Golf balls aren't dimpled for mere cosmetic reasons. The pattern of tiny divots actually reduces drag by cutting air resistance in half.
But no matter how powerful your swing, there's only so hard you can hit a golf ball, and just so fast you can make it fly. In fact, a golf ball actually can go too fast to take advantage of its dimples because at high speeds, the dimples' effect reverses.
So researchers at the Massachusetts Institute of Technology have been looking at ways to give dimples to objects that are exposed to air resistance. This would be a valuable fuel-saver for vehicles, which create their own wind, or stationary structures such as flexible domes that can be brought down by high winds.
Their challenge was to have the dimples present at lower speeds and to smooth them out at will at higher speeds. And it appears they've succeeded, according a paper on their work published in the journal Advanced Materials.
The MIT team used a multilayer material that's stiff outside and soft inside. The researchers used a malleable material similar to rubber to create a soft ball with a stiff skin, and then sucked the air from the interior, causing the ball to shrink and its outer layer to wrinkle. And because the surface is curved, the wrinkles are dimple-shaped.
But why wouldn't a smooth surface lead to less drag and a dimpled surface lead to more drag?
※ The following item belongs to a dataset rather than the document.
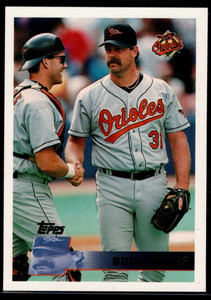 1996 Topps #183 Doug Jones VG Baltimore Orioles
The MIT researchers discovered that the irregular surface holds on to a very thin "boundary" layer of air that, at lower speeds, reduces turbulence, or wake, behind the ball. The greater the wake, the more drag.
By adjusting the interior pressure of the ball, the surface texture, and therefore the drag, can be controlled at will. The MIT team calls these changeable surfaces "smart morphable surfaces," or just "smorphs."
Reis says this pun is intended. The lead author of the research paper, Denis Terwagne, is a fan of Belgian comics, including Smurfs, the Belgian comic and cartoon characters.
Reis notes that, according to Smurf lore, the blue characters never develop wrinkles, no matter how old they get.